Y aún hay quien siente
que la religión católica está en Honduras amenazada. Y quien afirma,
ingenuamente, que vivimos en un estado laico. No se lo parecería así a
cualquier extranjero que, sin haber sido avisado, se dejara caer por nuestro
país en estos días. Se encontraría con que aquí no existe el matrimonio
igualitario, que el aborto es penalizado, que se prohíbe el uso de métodos
anticonceptivos, que la educación sexual es un problema que atañe únicamente a
la cúpula eclesiástica, que hay docentes que se esfuerzan por convencer a sus
alumnos de que el cosmos tiene un origen divino, que no hay acto público del
gobierno que se encuentre despojado de la presencia de símbolos religiosos, que
es normal que los fotógrafos retraten al presidente arrodillado ante el
cardenal y que ahora mismo en los centros educativos se promueva la enseñanza
de la biblia.
Cómo explicarle a ese extranjero que nos visita que, a pesar de todo lo que ve, hay muchos que no elevamos nuestro corazón al olor del incienso y que, aun respetando el sentir de otros, desearíamos que quienes practicamos el secularismo y el ateísmo no se nos ahogue con un fervor del que no participamos. Porque el laicismo existe justamente no para inhibir el derecho de los creyentes, sino para asegurar nuestro derecho de creer y practicar o no el rito religioso que se nos antoje. Para que esto suceda el Estado debe ser laico, y las leyes e instituciones que de él emanan deben ser y actuar desde un marco de referencia laico. Nada de esto último hay en nuestra Honduras.

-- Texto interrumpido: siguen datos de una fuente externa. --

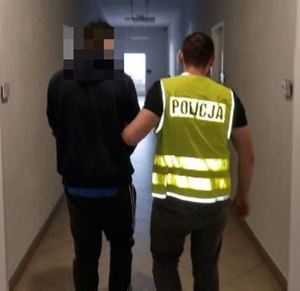 policjant prowadzi zatrzymanego mężczyznę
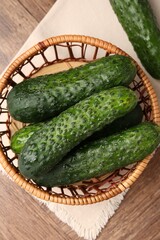 Fresh cucumbers on wooden table, flat lay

Debemos entonces restaurar el carácter laico del
Estado hondureño, y ello pasa por un enfrentamiento directo contra el gobierno
y la alta jerarquía católica. Para retornar a la vieja separación entre el
Estado y la Iglesia se requiere en principio forzar al gobierno para que rompa
los acuerdos suscritos con el Vaticano, obligar al clero a que pague impuestos
por la fortuna que ha construido al paso de los siglos, que cese su injerencia
en aspectos tales como los derechos sexuales y reproductivos de la población y
que no meta sus narices en el desarrollo de la educación, entre otros.